Dink Murder Trial Opens in Istanbul

ISTANBUL (AP)–More than six months after the killing of Armenian journalist Hrant Dink, 18 suspects went on trial Monday in a case widely seen as a test of whether the country’s judiciary will be able to investigate allegations of official negligence in the slaying.
Dink was gunned down on Jan. 19, and his killing led to international condemnation and debate within Turkey about free speech. Dink was hated by hardline nationalists for describing the mass killings of Armenia’s early in the last century as genocide.
The trial will take place behind closed doors because the alleged teenage gunman, Ogun Samast, is a minor.
Critics accused authorities of failing to act on reports of a plot to kill Dink, and it is unclear whether allegations that could potentially be embarrassing for top officials will be explored in the trial.
Hundreds of protesters demonstrated near the court house, appealing for justice and carrying a banner that read: "We are all witnesses, we want justice."
Turkey had vowed a thorough investigation, and the governor and police chief of the Black Sea city of Trabzon, the hometown of Samast, were removed from office because of negligence. Some security officials who posed for photographs with the gunman as he held a Turkish flag were also dismissed.
There has been no evidence that directly implicates any police or government officials in the slaying of Dink outside his office.
Many Turks are convinced that a so-called "deep state"–a network of state agents or ex-officials, possibly with links to organized crime–periodically targets reformists and other perceived enemies in the name of nationalism.

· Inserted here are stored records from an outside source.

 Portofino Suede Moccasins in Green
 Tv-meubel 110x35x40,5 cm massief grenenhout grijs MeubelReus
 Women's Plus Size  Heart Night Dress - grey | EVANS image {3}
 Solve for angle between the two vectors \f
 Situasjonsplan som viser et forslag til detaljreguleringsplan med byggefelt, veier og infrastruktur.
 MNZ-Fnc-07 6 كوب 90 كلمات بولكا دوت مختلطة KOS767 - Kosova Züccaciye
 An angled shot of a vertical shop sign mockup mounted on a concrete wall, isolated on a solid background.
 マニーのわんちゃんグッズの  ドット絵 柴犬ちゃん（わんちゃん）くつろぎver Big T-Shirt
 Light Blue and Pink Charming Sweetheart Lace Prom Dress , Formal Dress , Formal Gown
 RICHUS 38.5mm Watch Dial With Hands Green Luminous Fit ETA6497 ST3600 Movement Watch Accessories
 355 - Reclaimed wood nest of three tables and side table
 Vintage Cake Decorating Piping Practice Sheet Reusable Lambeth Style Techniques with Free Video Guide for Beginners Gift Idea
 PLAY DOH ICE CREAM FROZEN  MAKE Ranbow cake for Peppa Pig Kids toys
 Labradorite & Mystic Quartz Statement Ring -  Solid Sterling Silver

"This trial will be a test of whether this quagmire will be dried up or not," lawyer Kezban Hatemi, representing Dink’s family, told reporters before the hearing Monday. "The indictment lacks evidence and there is a need to find out real culprits."
Dink sought to encourage reconciliation between Turkey and Armenia.
But he was prosecuted numerous times under Article 301 of Turkey’s penal code, which bans insults to Turkish identity, for his commen’s on the mass killings of Armenia’s by Turks in the early 20th century.
Last year, a high court confirmed a six-month prison sentence imposed on Dink–though it was later suspended–for attempting to influence the judiciary after his newspaper ran articles criticizing Article 301.